- Also known as: J. Gaines and the Soul Attorneys
- Origin: Quebec City, Quebec, Canada
- Genres: pop; R&B;
- Years active: 1994–present
- Label: Sony
- Members: Jacques Gaines; Mathieu Dandurand;
- Past members: Eric Filto;

= Soul Attorneys =

Canadian music group

J. Gaines and the Soul Attorneys is a Canadian pop R&B band based in Quebec City.

==History==
The band formed in 1994 in Quebec City as the Soul Attorneys, which at the time consisted of Jacques Gaines, Eric Filto, and Mathieu Dandurand.
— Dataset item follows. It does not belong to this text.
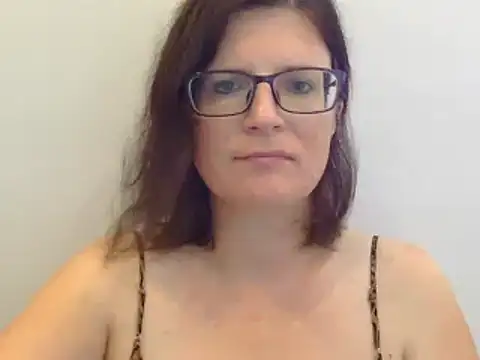 Snapshot of CrimsonMistress chatting on 01-15-25, 03:11 CrimsonMistress online show from 01-15-25, 03:11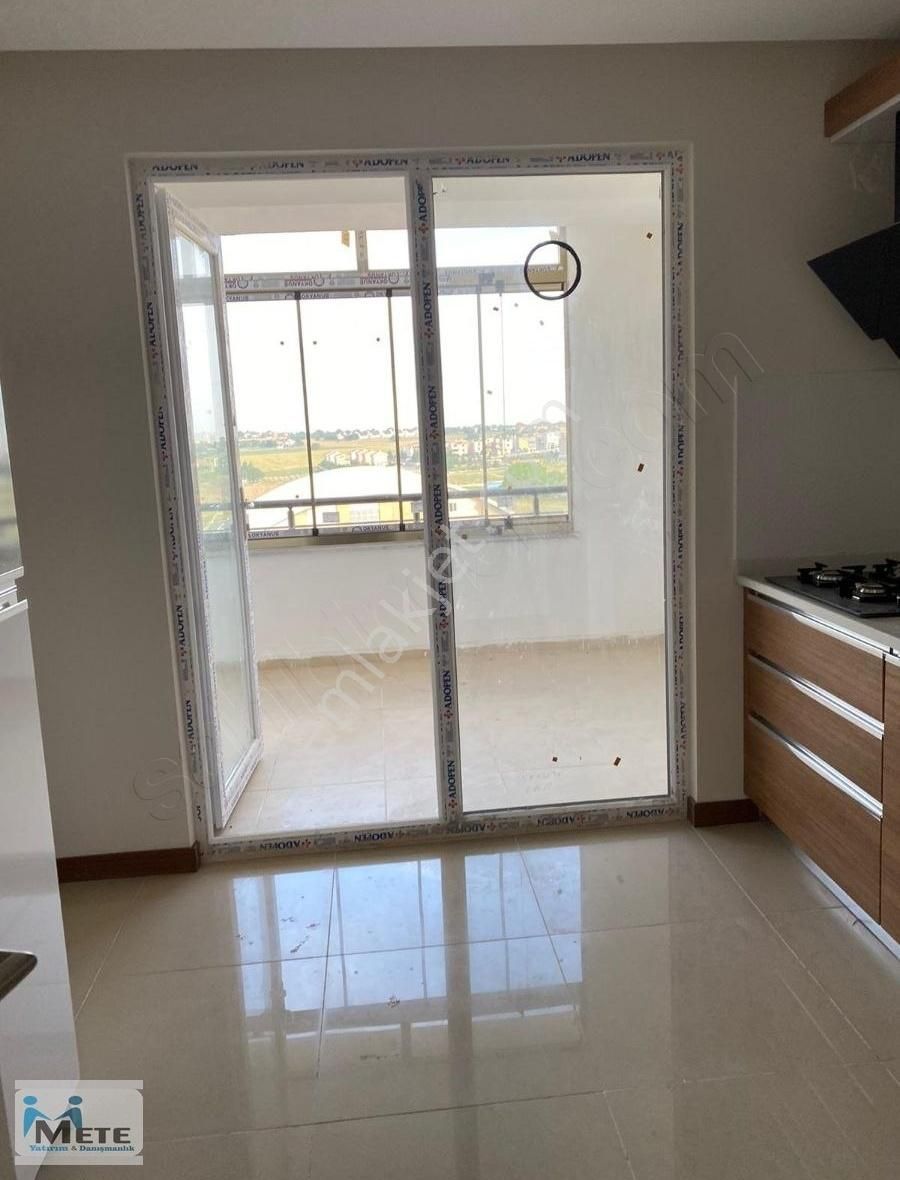 Emlakçıdan Tekirdağ Çorlu Hürriyet Mahallesi 2+1 Satılık Daire 1.250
They performed and recorded under their original moniker between 1995 and 1999. They toured with Celine Dion in 1996, signing with Sony Records, and released three Canadian top-10 singles, "These Are the Days", "See the People", and "So They Say".

In 2000, after Eric Filto left the band, Jacques Gaines added his own name to the band's title, and released the album Another Day, produced by Aldo Nova.

In 2001, their song "Better Man" was named by SOCAN as one of the most performed Canadian pop songs.

Jacques Gaines released a French-language, self-titled solo album in 2004, and a solo English-language album, Four, in 2007. The first single is "These Things". He currently lives in Quebec City, in charge of advertising at the Quebec circus school (l'École de Cirque de Québec).